There are some limitations to this study. First, it is limited to preferences indicated by common lottery applicants, not all enrolled students, and does not examine post-enrollment decisions like midyear withdrawal or entry. Applicants include all pre-kindergarten students entering D.C.’s schools for the first time, as well as applicants to a public charter school, a citywide DCPS school, or a DCPS in-boundary school as an out-of-boundary student.

Many students participate in the common lottery each year. In school year 2019-20, there were 36,682 applicants to the common lottery (most during the lottery period) compared to the 86,934 students who were enrolled by October of the 2019-20 school year. However, the majority of students have used the common lottery at some point – in addition to any student who has enrolled in pre-kindergarten since the common lottery began, 70 percent of students attend a DCPS school as an out of boundary student, a citywide DCPS school without boundaries, or a public charter school.[16] This means that it is important to understand the common lottery as it determines school enrollment at some point for the majority of public school students in D.C.

Another limitation of this study is that 18 percent of applicants are missing data on at-risk status across the three years of data. However, this limitation is of little importance for the focus of this study, which is students who applied and eventually enrolled.
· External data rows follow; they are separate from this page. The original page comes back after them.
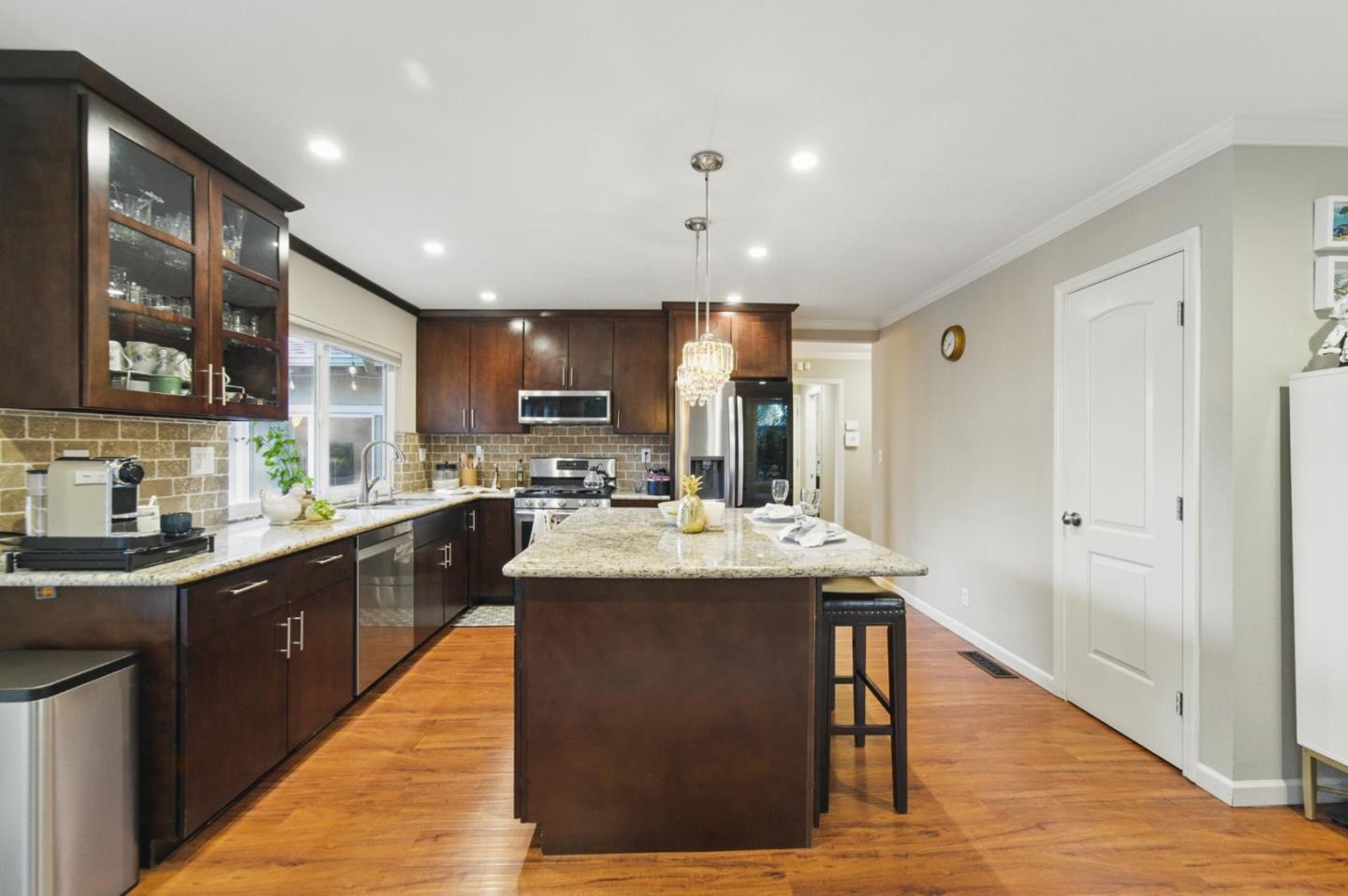 Detail Gallery Image 22 of 59 For 3821 Abbey Ct, Campbell,  CA 95008 - 4 Beds | 2/1 Baths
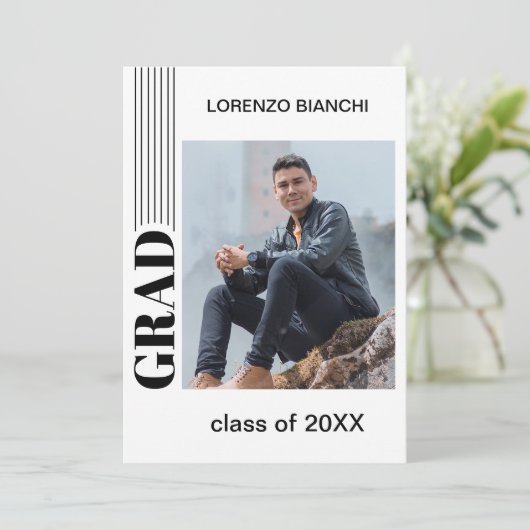 Minimalistisch Afstuderen met zwarte en witte comp Aankondiging (Staand voorkant)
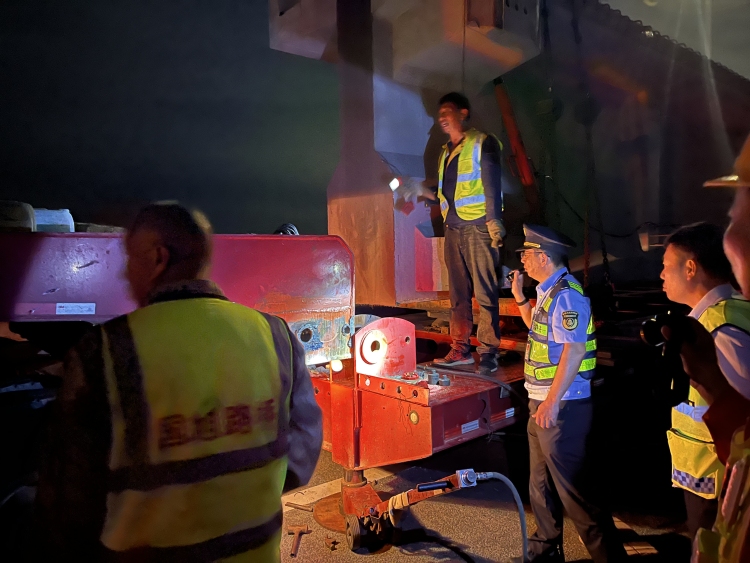 大件运输车辆故障滞留 江西省交通运输执法局伸出援手解困_fororder_微信图片_20250512111309
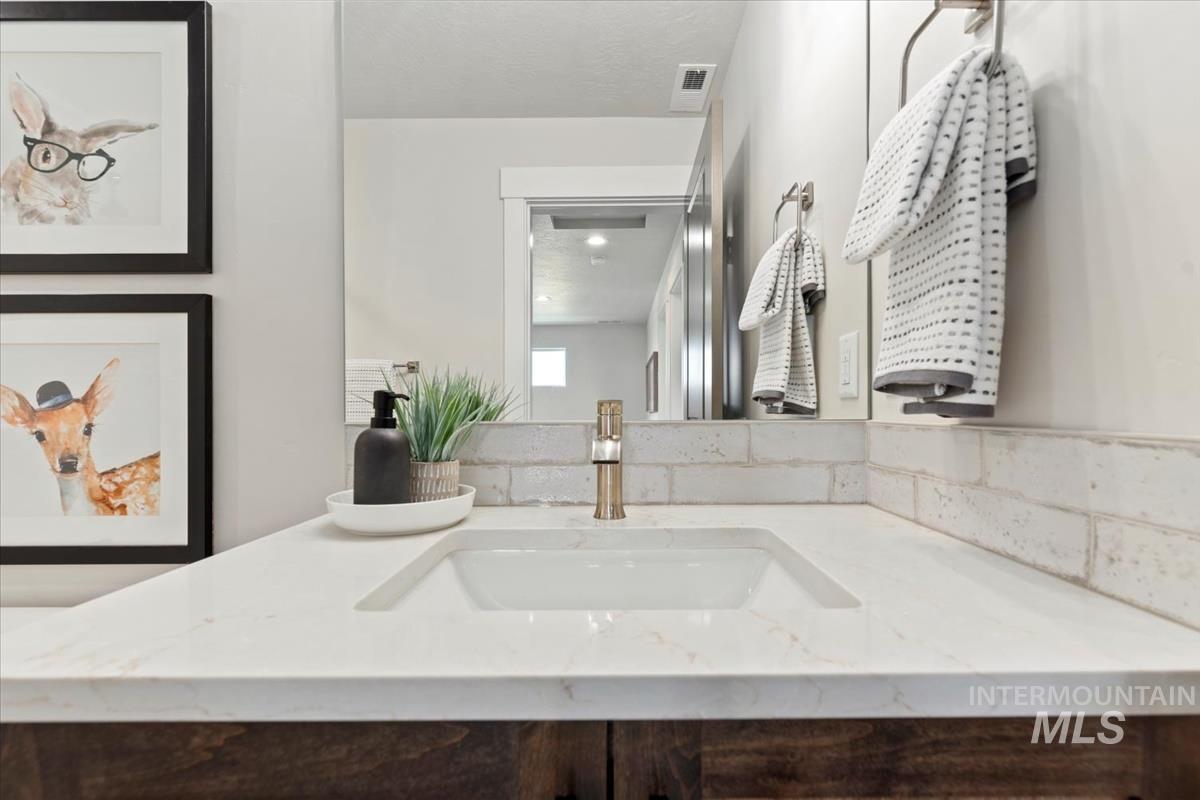 Detailed view of vanity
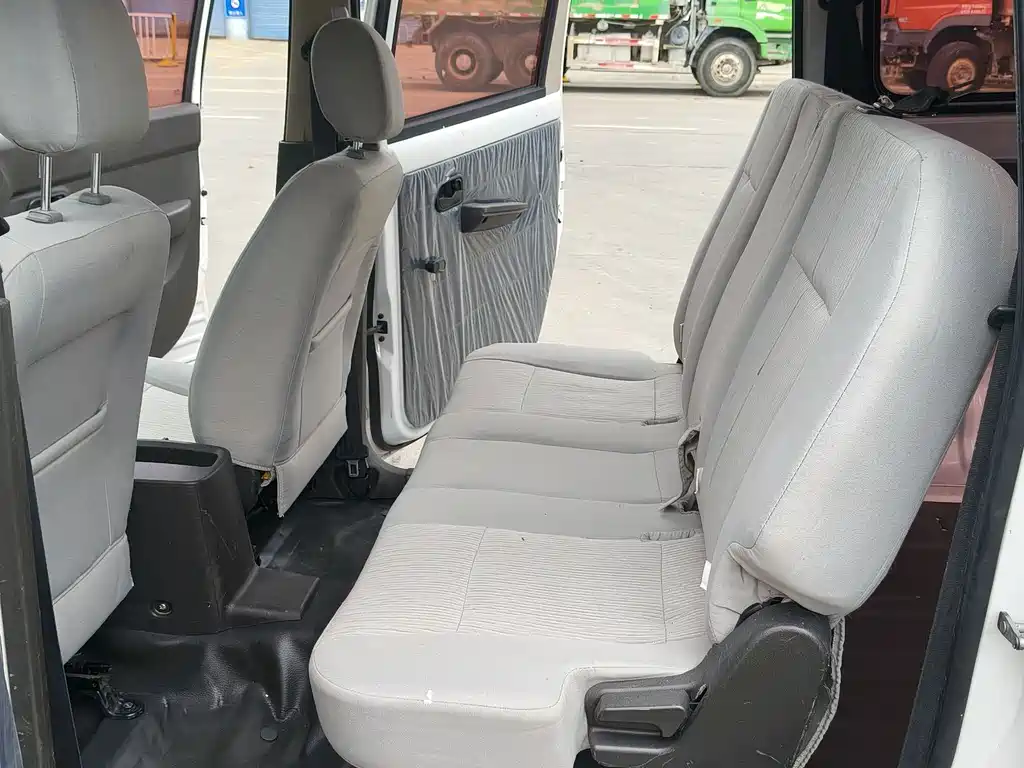 Wuling Hongguang 2018 — фото 13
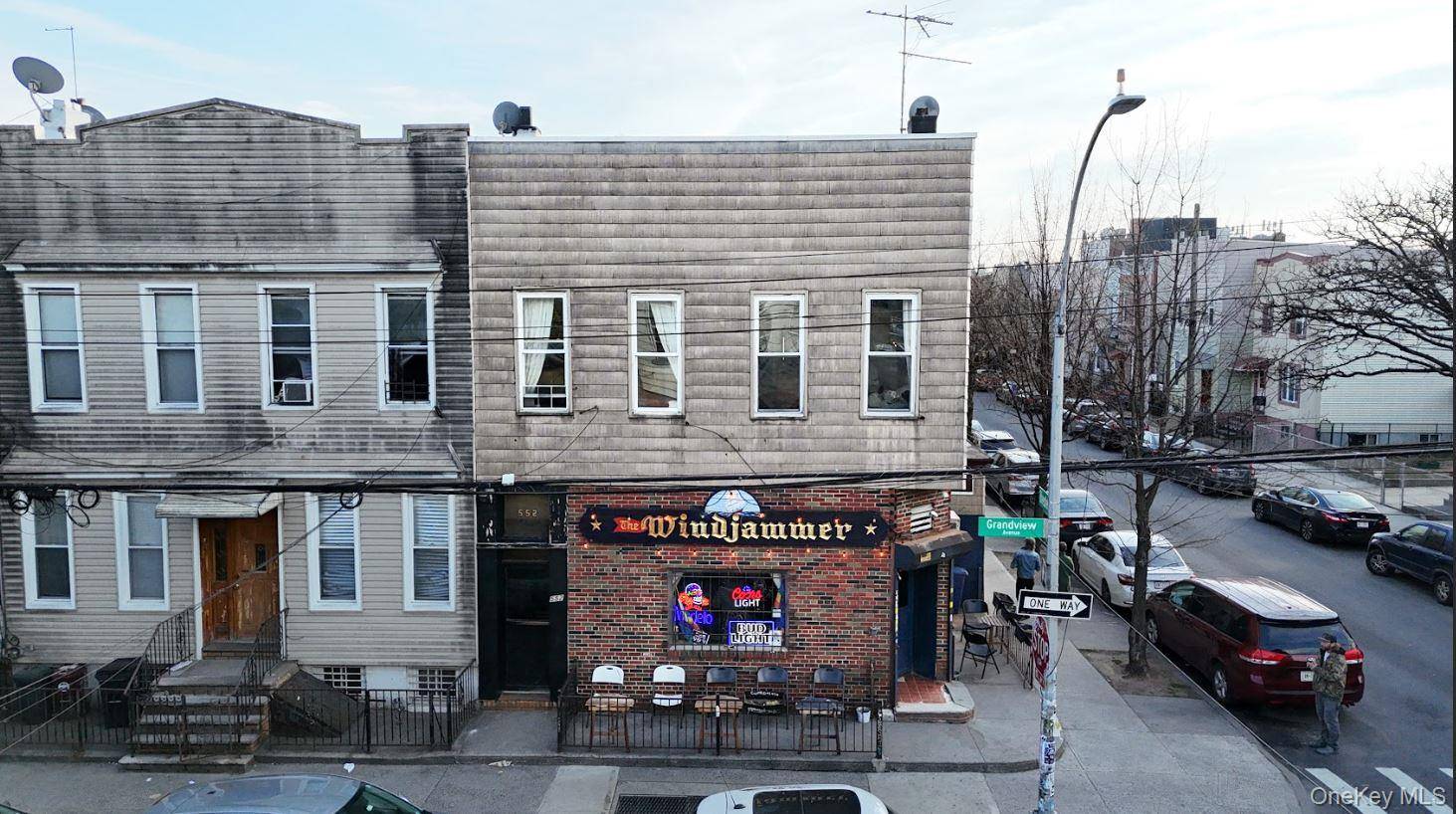 552 Grandview AVE, Ridgewood, NY 11385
At-risk information is more likely to be missing for students who didn’t enroll at any school where they applied: 36 percent of applicants who didn’t enroll have missing at-risk status compared to 4 percent who did enroll. When at-risk status is missing for those who did not enroll at a school where they applied, it could be because they are not in the system at all – they may attend private school, homeschool, or childcare; they could have moved out of state; or they may have disengaged from high school, among other options.[17] When at-risk status is missing for those who did enroll, this could be because their names or birth dates didn’t perfectly match with enrollment information. Due to technical issues, the information from enrollment audit on at-risk status didn’t merge with information from lottery application.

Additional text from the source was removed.